**Assigned task:** Below are the records; copy exactly the stretch from the line containing "Mai'A 12 Light" through the line containing "Funda de Cuero", both ends included, and nothing else.

Web page caption snippets
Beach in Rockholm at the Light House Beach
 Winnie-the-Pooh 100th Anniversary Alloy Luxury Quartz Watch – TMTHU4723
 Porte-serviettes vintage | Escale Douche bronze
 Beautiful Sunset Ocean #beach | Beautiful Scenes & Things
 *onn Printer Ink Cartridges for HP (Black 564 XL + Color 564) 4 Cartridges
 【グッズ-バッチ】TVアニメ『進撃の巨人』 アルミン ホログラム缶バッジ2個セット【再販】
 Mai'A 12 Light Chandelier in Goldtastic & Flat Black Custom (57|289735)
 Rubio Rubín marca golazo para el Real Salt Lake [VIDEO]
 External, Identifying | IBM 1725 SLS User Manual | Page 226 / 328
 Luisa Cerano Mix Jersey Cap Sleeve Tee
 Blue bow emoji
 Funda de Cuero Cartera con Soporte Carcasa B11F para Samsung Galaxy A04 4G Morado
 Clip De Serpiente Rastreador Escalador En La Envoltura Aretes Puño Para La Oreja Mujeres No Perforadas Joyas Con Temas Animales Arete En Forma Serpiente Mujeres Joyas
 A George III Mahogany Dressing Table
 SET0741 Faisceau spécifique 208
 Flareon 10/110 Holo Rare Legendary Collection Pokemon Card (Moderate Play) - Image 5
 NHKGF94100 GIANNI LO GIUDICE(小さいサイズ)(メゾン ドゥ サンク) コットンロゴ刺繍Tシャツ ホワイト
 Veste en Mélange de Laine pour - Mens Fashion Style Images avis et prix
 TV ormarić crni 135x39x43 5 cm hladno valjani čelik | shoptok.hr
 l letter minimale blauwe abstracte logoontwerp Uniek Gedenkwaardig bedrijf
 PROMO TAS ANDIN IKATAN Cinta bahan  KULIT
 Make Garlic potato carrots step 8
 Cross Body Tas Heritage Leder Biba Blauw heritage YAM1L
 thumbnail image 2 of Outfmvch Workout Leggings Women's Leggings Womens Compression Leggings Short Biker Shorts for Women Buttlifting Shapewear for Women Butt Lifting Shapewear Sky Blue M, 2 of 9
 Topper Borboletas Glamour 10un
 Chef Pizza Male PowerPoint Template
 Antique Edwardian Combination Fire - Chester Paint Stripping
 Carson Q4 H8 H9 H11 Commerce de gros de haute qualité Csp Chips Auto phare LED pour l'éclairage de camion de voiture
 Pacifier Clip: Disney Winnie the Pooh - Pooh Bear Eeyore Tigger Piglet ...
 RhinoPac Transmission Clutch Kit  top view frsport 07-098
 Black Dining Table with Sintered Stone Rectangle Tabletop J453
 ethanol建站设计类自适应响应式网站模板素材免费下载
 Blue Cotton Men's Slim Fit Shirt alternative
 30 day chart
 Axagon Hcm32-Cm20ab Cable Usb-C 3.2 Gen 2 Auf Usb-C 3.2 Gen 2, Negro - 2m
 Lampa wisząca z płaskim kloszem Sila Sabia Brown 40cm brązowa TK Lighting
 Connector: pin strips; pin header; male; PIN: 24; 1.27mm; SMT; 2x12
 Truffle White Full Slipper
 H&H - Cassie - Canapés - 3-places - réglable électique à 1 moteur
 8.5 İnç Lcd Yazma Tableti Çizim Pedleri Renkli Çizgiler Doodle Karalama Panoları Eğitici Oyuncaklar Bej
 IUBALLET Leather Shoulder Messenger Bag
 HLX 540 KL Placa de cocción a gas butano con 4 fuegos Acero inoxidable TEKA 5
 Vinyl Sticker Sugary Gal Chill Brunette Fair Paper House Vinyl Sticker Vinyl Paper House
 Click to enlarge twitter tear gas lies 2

**Output for this exercise:**
 Mai'A 12 Light Chandelier in Goldtastic & Flat Black Custom (57|289735)
 Rubio Rubín marca golazo para el Real Salt Lake [VIDEO]
 External, Identifying | IBM 1725 SLS User Manual | Page 226 / 328
 Luisa Cerano Mix Jersey Cap Sleeve Tee
 Blue bow emoji
 Funda de Cuero Cartera con Soporte Carcasa B11F para Samsung Galaxy A04 4G Morado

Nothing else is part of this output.